Davos elite troubled by cost-of-living crisis
The cost-of-living crisis, looming recession and mounting debt are the biggest short-term threats facing the global economy, the World Economic Forum’s (WEF) annual Global Risks Report has warned.
The world will hardly see any relief in the next two years as countries struggle with “energy, inflation, food and security crises,” the annual survey of 1,200 government, business and civil society professionals, published ahead of the Davos summit, said.
Two thirds of respondents suggested that multiple shocks stemming from the recent Covid-19 pandemic and an ongoing conflict in Ukraine will cause distress to the global economy in the near future, while a fifth of the experts are forecasting “catastrophic outcomes” within a decade.

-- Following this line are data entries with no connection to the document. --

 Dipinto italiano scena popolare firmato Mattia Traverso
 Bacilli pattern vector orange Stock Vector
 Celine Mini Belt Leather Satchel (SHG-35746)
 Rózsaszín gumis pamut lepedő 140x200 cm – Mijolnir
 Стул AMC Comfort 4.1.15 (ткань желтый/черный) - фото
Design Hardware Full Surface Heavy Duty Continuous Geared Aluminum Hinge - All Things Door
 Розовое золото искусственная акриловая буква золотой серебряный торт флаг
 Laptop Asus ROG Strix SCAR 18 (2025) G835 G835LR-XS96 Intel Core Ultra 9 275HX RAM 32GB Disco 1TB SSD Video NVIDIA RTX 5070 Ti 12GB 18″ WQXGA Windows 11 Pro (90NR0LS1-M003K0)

“We’re looking at something that feels new, but at the same time eerily familiar,” risk management leader for Continental Europe at Marsh, Carolina Klint, told CNBC. “So we see a return of some older risks that we felt we had made good progress in terms of solving, but are now very much back on the risk map,” she added.
The cost-of-living crisis is seen as the most immediate risk which is “very difficult to accept” as it hits most vulnerable populations.

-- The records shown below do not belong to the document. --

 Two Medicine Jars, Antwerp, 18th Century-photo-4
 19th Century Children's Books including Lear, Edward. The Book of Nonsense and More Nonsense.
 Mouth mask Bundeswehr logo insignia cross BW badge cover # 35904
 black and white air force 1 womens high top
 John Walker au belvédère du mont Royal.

“Governments are now really working towards mitigating that impact, at the same time as they’re trying to protect from spiraling inflation and servicing historically high debt loads,” Klint concluded.

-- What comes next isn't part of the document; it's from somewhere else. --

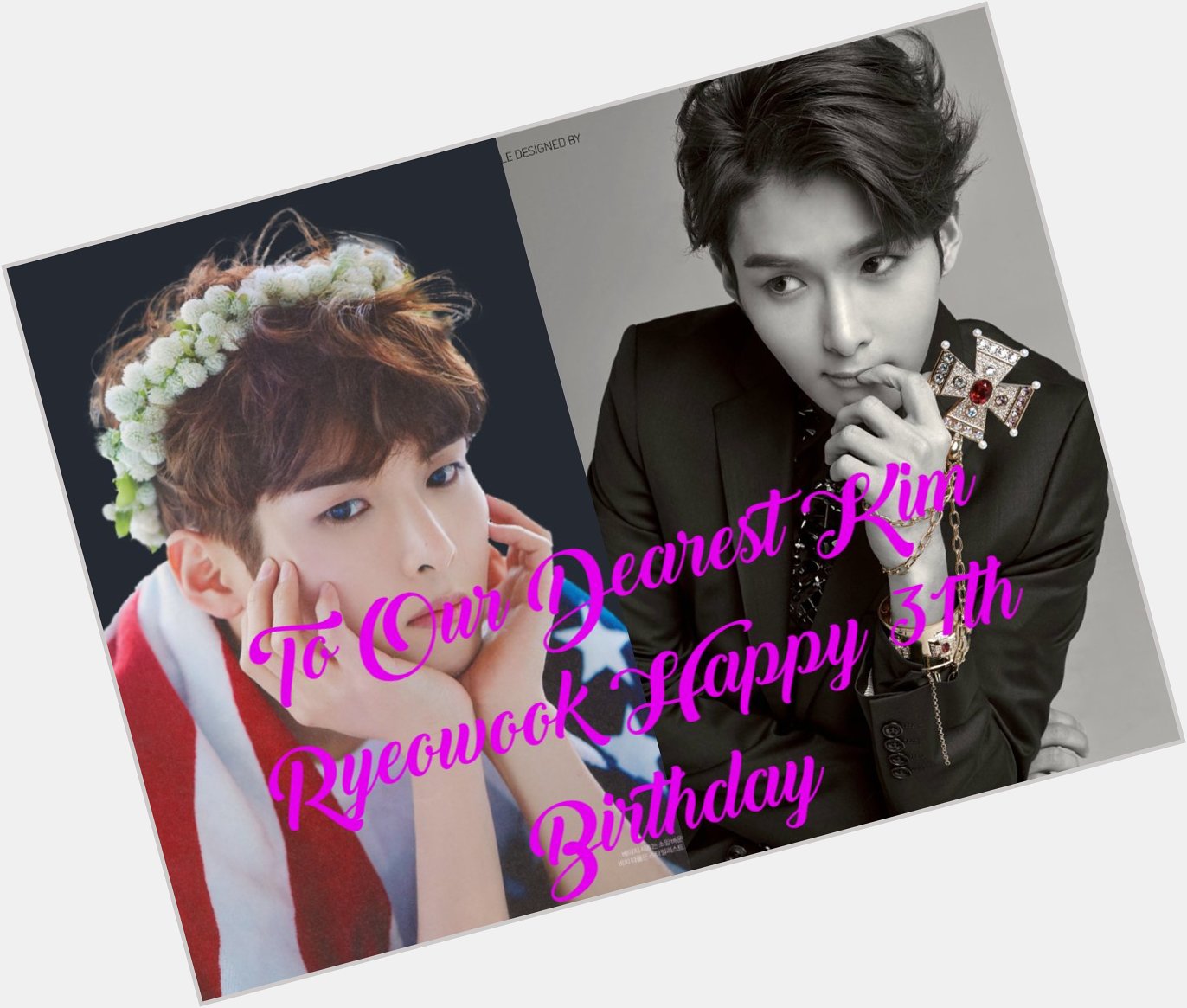 To Our Beloved Kim Ryeowook Happy 31th Birthday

The authors of the report call for global cooperation and claim that if authorities fail to manage the current crisis, they “risk creating societal distress at an unprecedented level, as investments in health, education and economic development disappear, further eroding social cohesion.”
WEF managing director Saadia Zahidi, who believes that the world might be entering a “vicious cycle,” warns that “in this already toxic mix of known and rising global risks, a new shock event, from a new military conflict to a new virus, could become unmanageable.”
The world could face a challenge of “polycrisis” in the near future, with overlapping problems, the report said, highlighting “resource rivalry” as one of the biggest threats, as countries have entered into global competition for natural resources.